SmokedTofu · 05/08/2022 19:49

Do you have any relationship at all with your parents now? What about siblings?

To an extent, yes. Haven't seen the parents in over a decade but we speak on phone - very surface level.

My relationships with the siblings (all males) are fraught.
One day they let me come around or talk to them (usually for photo-ops when there's a family event/ when they need to use me financially or to babysit/ because someone has marital issues/ mental breakdown etc - as I have the tendency to be a fixer), then afterwards they just cut me off for long periods without notice, claiming I rubbed them the wrong way.

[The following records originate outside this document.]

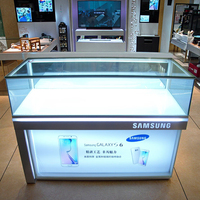Vitrine d'exposition personnalisée en métal et verre avec éclairage LED pour produits électroniques et téléphones portables – Vitrines sur mesure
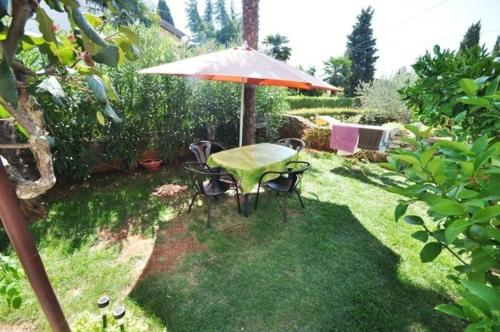 a table and chairs with an umbrella in a yard at Ferienwohnung in Novigrad mit privatem Parkplatz in Karpinjan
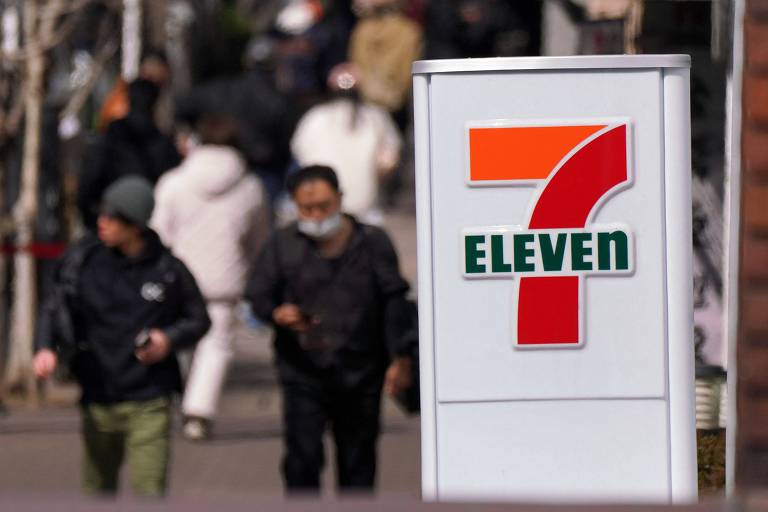 A imagem mostra um sinal da loja 7-Eleven em primeiro plano， com o número 7 em laranja e verde， e a palavra 039;ELEVEN039; em verde. Ao fundo， há pessoas caminhando em uma rua movimentada， algumas usando máscaras e vestindo roupas de inverno.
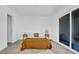 Bright bedroom features a large sliding door, hardwood floors, and a neutral color palette at 409 Alston St # 102, Raleigh, NC 27601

And the cycle repeats itself.
They also have ruined my relationships/ friendships in the past by calling my girlfriends behind my back and warning them to steer clear of me, then turning around and making jest of me for being isolated.
Last case was my closest childhood friend who moved to the UK a few months ago. I picked her up from the airport, hosted her for a few days, helped her settle in, drove her to her new city. Only for her to tell me my brothers are ringing are to tell her I'm an awful person and she needed to be careful. Then I noticed she slowly withdrew and eventually she asked me to give her space, particularly stating that my isolation is concerning.
I honestly will no longer try with the siblings. I know I have behavioural issues that I need to work on, but they're highly toxic in ways that intentionally hurt me.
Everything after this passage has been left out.